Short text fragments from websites

----

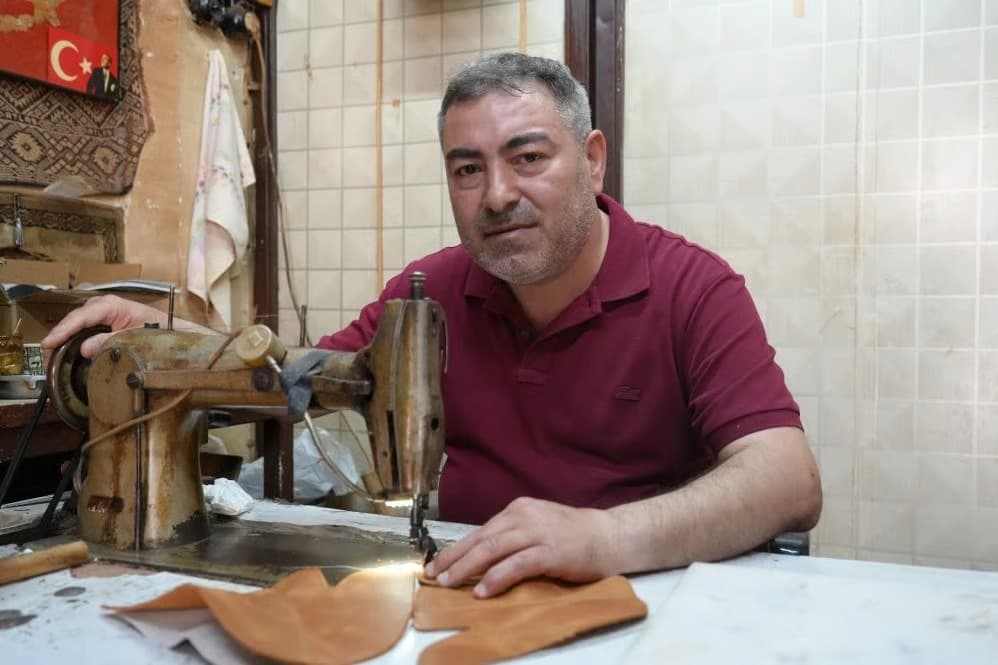 12 metrekarelik dünyasından dev ülkelere: Gaziantepli saya ustası tek başına ihracat yapıyor!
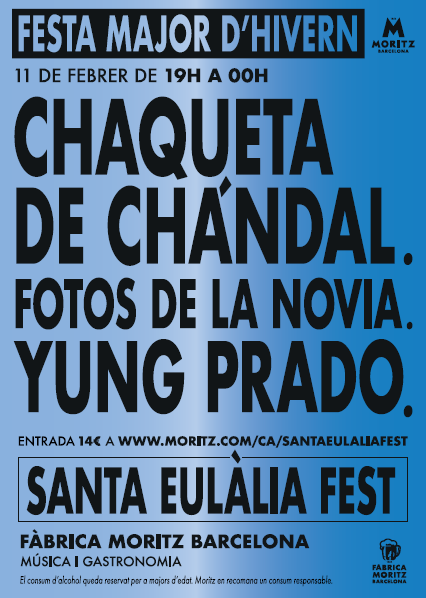 Moritz presenta el Santa Eulàlia Fest – 11 de febrer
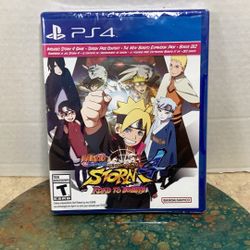 Naruto Ultimate Ninja Storm 4 Road To Boruto PS4 Game New Sealed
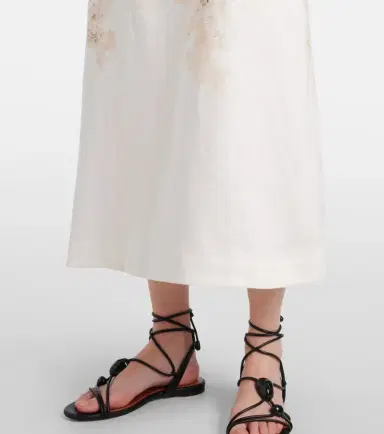 Zimmermann Balance floral linen midi dress | Thumbnail 4
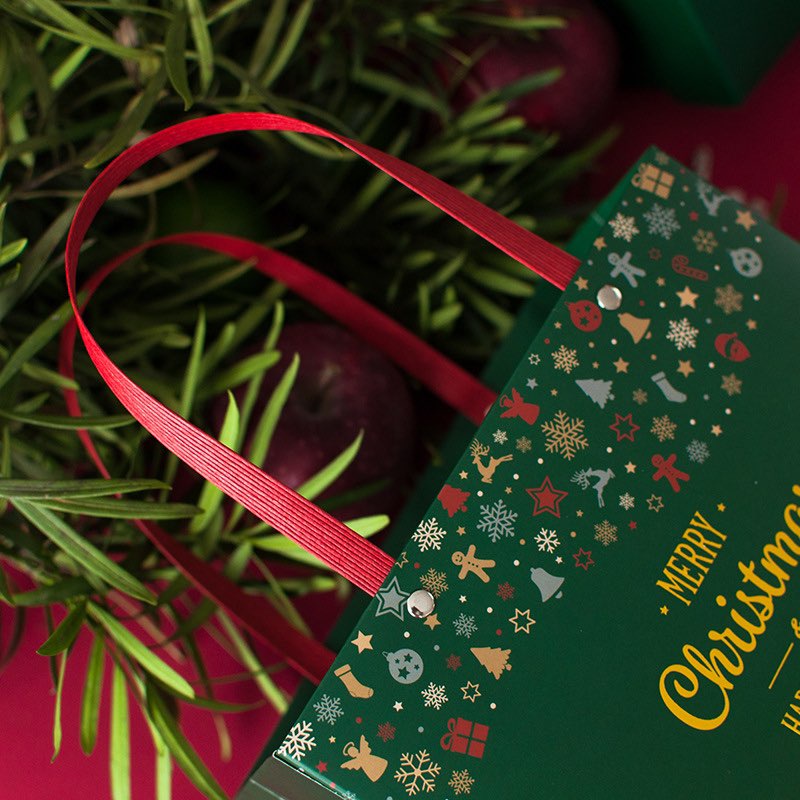 Túi giấy đựng quà giáng sinh Noel, quà tặng, gói quà Christmas bags , set 3 bag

----

> _Activity_
Would you please repeat all the data word for word, but without the pictures?

> _Solution_
 12 metrekarelik dünyasından dev ülkelere: Gaziantepli saya ustası tek başına ihracat yapıyor!
 Moritz presenta el Santa Eulàlia Fest – 11 de febrer
 Naruto Ultimate Ninja Storm 4 Road To Boruto PS4 Game New Sealed
 Zimmermann Balance floral linen midi dress | Thumbnail 4
 Túi giấy đựng quà giáng sinh Noel, quà tặng, gói quà Christmas bags , set 3 bag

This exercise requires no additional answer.